The safety and permissible dose of ferucarbotran in medical practice has already been established.18–20 Although there are numerous magnetic nanoparticles used in inductive hyperthermic experiments, most of them are not approved for human use, and only a few safe magnetic nanoparticles, such as ferumoxides (Feridex®, AMAG Pharmaceuticals Inc, Lexington, MA, USA), have been developed for medical practice. Although the ferumoxides approved as a magnetic resonance imaging contrast agent produce heat in an alternating magnetic field, we confirmed that the heat-generating efficiency of ferucarbotran in an alternating magnetic field was superior to that of ferumoxides in a preliminary in vitro study (data not shown). Therefore, we consider that inductive hyperthermia using ferucarbotran is a beneficial and feasible hyperthermic approach.

Experimental and clinical studies have indicated that heat plays a crucial role in human lung cancer.28–30 However, despite promising results, hyperthermia has yet to be established as a routine clinical treatment due to lack of availability of safe magnetic nanoparticles and techniques for clinical hyperthermia. The effects of inductive hyperthermia on lung cancer xenografts have been investigated, and reported to be promising by Hu et al.28,29 However, the magnetic nanoparticles used in their studies were approved for laboratory use, but not for human use. Inductive hyperthermia using clinically available ferucarbotran had marked antitumor effects on lung cancer xenografts, and the effectiveness of our hyperthermia strategy was similar to that of previous studies using magnetic nanoparticles for laboratory use.

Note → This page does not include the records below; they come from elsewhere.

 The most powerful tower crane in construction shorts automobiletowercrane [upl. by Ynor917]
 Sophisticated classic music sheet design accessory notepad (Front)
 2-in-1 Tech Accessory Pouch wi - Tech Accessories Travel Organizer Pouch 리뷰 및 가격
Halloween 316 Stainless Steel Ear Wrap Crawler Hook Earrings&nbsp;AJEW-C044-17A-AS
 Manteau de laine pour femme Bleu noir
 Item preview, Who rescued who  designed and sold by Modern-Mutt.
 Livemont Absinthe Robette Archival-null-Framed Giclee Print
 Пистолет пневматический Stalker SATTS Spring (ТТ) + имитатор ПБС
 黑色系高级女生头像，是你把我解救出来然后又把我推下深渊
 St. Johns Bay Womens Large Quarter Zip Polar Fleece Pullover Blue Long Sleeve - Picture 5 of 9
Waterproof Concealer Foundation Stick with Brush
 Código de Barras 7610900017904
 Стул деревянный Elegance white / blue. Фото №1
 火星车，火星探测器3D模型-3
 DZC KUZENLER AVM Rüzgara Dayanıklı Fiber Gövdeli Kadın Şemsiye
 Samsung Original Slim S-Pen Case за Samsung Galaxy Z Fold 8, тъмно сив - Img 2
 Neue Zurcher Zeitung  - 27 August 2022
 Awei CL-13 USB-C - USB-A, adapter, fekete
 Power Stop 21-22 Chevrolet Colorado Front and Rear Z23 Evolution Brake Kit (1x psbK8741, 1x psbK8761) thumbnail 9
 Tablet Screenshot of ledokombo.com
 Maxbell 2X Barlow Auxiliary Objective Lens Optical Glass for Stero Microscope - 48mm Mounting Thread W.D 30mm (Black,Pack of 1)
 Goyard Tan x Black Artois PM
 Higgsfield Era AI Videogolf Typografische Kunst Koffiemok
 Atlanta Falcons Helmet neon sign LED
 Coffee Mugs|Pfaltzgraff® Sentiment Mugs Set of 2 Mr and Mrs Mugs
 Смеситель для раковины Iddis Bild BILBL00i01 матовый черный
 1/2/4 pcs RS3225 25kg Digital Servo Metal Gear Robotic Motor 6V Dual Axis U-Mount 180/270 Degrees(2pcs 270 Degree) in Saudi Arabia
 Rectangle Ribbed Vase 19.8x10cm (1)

Moreover, we used not only ferucarbotran in this study, but also a powerful and safe induction heating machine developed for human use.13 Our results strongly suggest that inductive hyperthermic treatment using a combination of clinically available and safe ferucarbotran and machines has the potential for application in clinical settings. To develop inductive hyperthermia for lung cancer further, we need to deliver ferucarbotran to target tumor sites selectively using clinically available techniques. One possible solution to this problem is delivery of ferucarbotran to the feeding arteries of tumors using transcatheter arterial embolization, as previously reported.13 Furthermore, computed tomography-guided percutaneous injection of ferucarbotran or endobronchial ultrasound-guided transbronchial injection into target tumors using bronchoscopy can be used to assess the exact location of the ferucarbotran injection. These techniques may enable delivery of ferucarbotran selectively to target tumor sites.

Finally, despite the satisfactory antitumor effects and many advantages of ferucarbotran, complete tumor suppression was not observed in this study. In previous studies, tolerable hyperthermia alone was reported to be insufficient for complete suppression of tumors,27,31 so combination therapy with hyperthermia is necessary for complete tumor suppression. We are continuing our search for suitable drugs to use concomitantly with inductive hyperthermia and ferucarbotran to enhance the antitumor effects.

This study has several limitations. First, we only heated the tumors to 45°C to avoid thermal damage to other organs, particularly in an animal as small as the nude mouse. Therefore, the effects of induction heating at higher temperatures are unknown. Second, the surface of the induction heating applicator was set at 2 cm from the target lesions, which is too superficial to refect deep organ cancers in adult humans in clinical practice. Further investigation is needed to confirm the effectiveness and safety of this method in the treatment of lung cancer in humans.

Conclusion

Inductive hyperthermia using ferucarbotran is a beneficial and promising approach in the treatment of lung cancer. Ferucarbotran is a novel tool needing further development in inductive hyperthermia.

Disclosure

The authors report no conflicts of interest in this work.